* **Aim of the exercise**:
Look through the listing below for the line with "FREEDOMBEAUTY | Summer" and the line with "Men's Striped Knit Polo Shirt". Copy both, along with every line between them, exactly and with no pictures.

*** Data excerpts ***

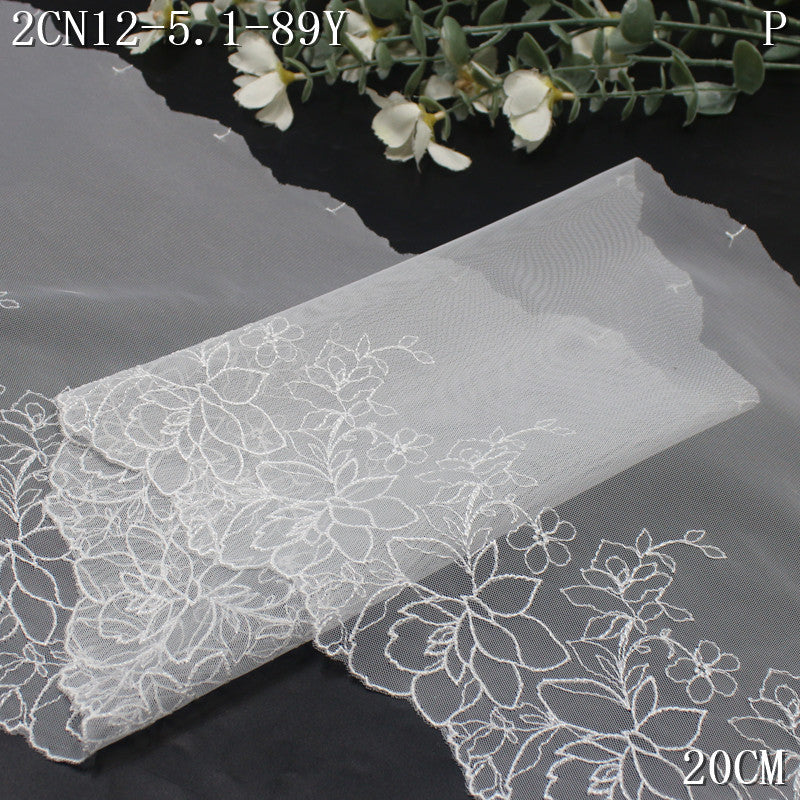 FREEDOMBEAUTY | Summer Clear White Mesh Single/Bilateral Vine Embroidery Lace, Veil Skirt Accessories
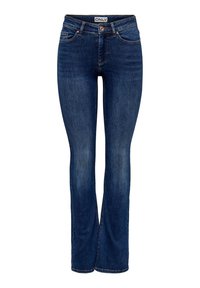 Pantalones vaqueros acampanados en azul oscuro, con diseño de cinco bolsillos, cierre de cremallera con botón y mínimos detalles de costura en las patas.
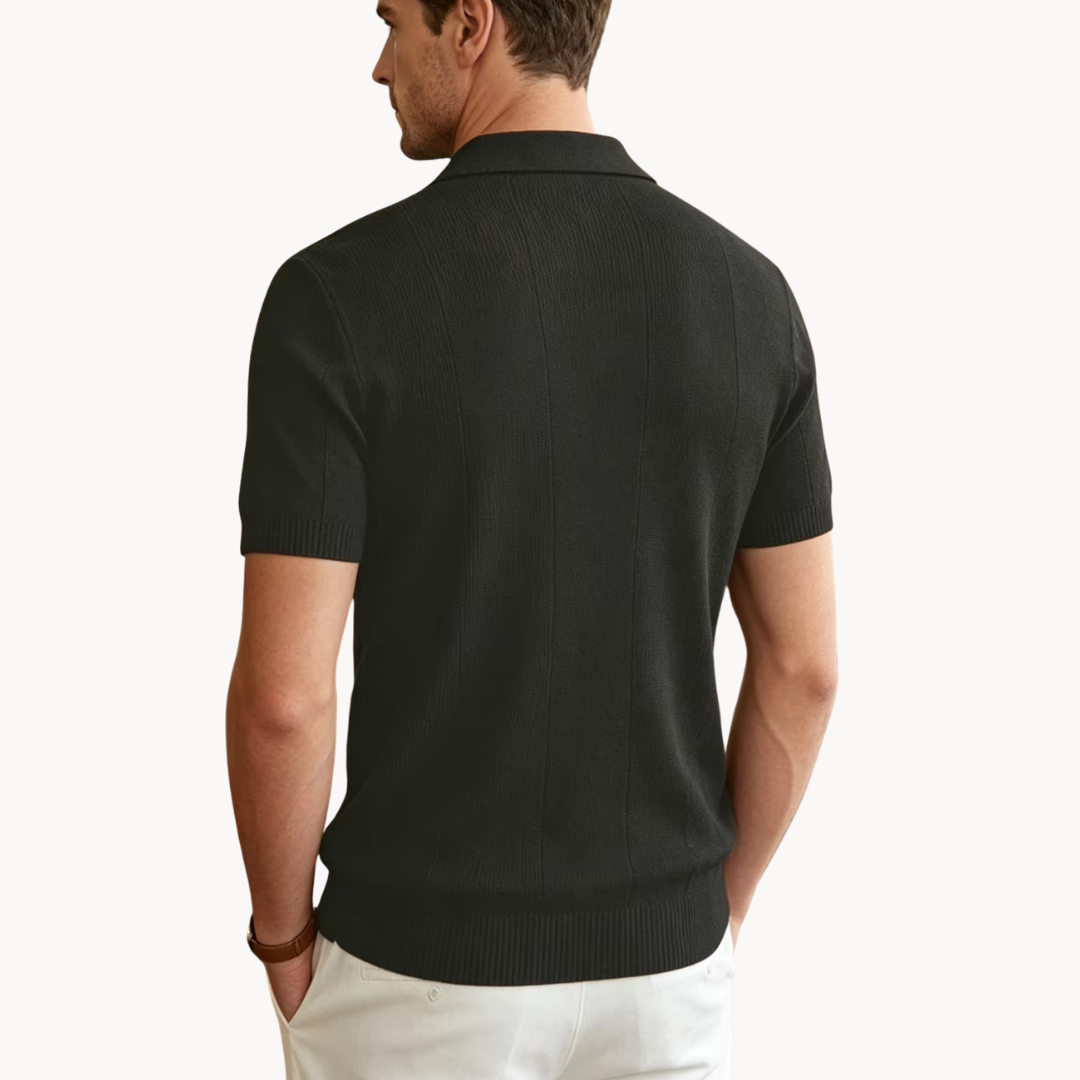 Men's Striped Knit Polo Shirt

*** End of Data excerpts ***
*** Data excerpts ***

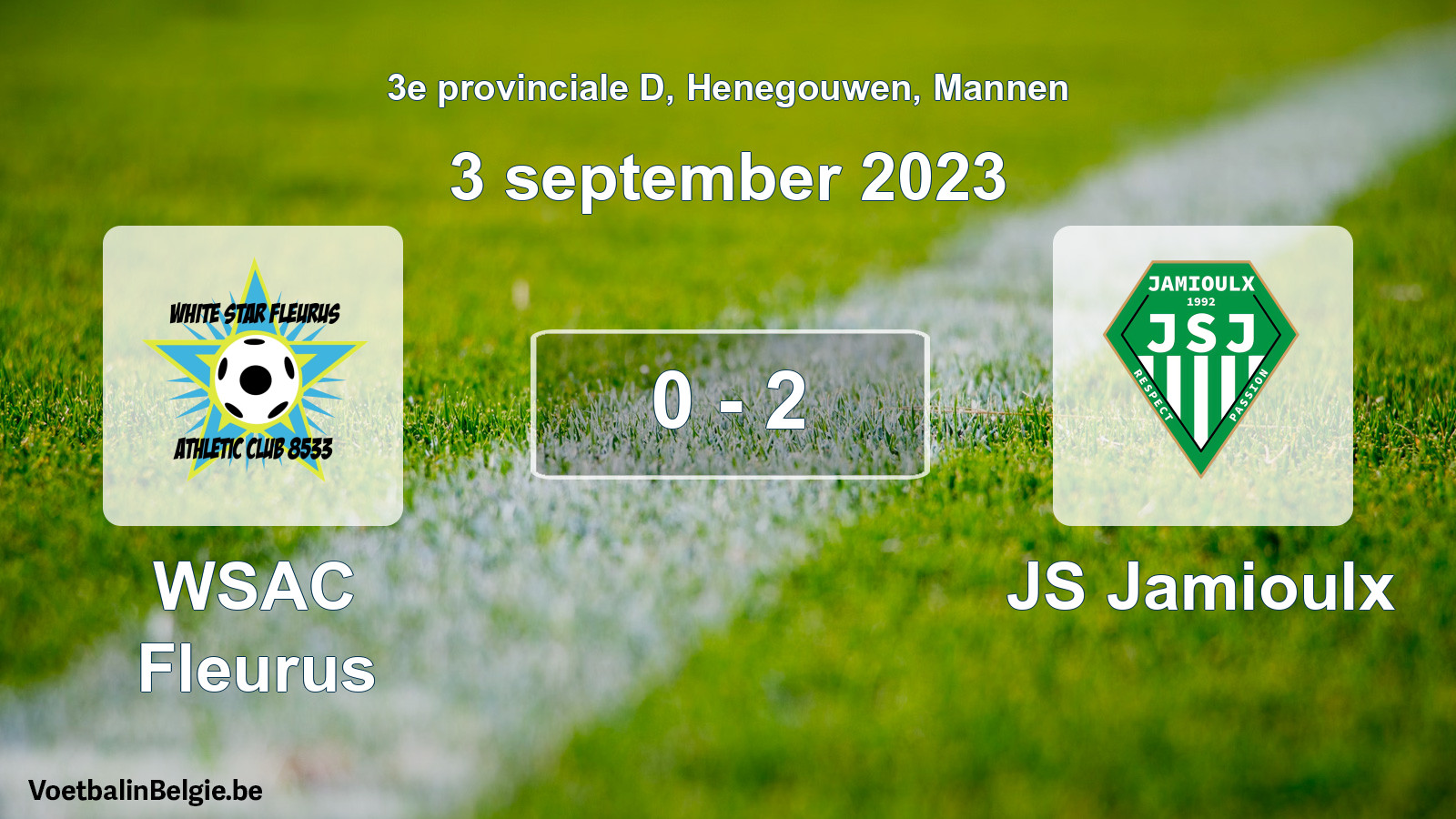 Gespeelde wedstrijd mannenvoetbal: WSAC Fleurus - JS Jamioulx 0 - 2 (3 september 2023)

*** End of Data excerpts ***
*** Data excerpts ***

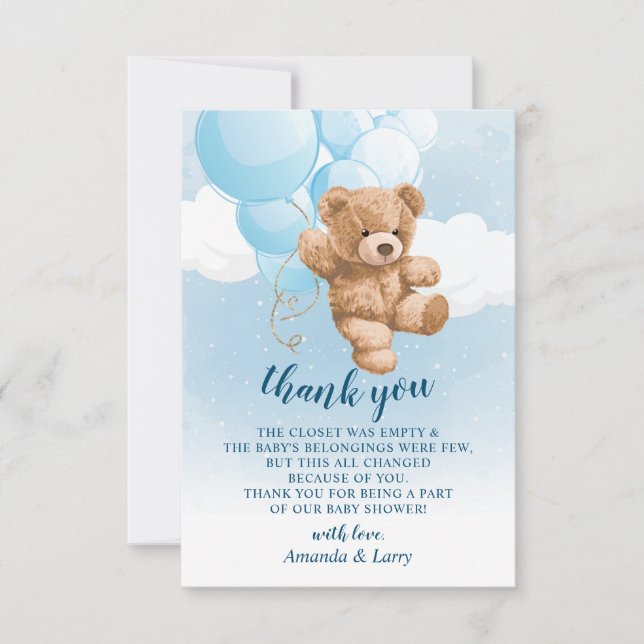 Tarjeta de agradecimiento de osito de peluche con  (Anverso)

*** End of Data excerpts ***

* **Solution below**:
 FREEDOMBEAUTY | Summer Clear White Mesh Single/Bilateral Vine Embroidery Lace, Veil Skirt Accessories
 Pantalones vaqueros acampanados en azul oscuro, con diseño de cinco bolsillos, cierre de cremallera con botón y mínimos detalles de costura en las patas.
 Men's Striped Knit Polo Shirt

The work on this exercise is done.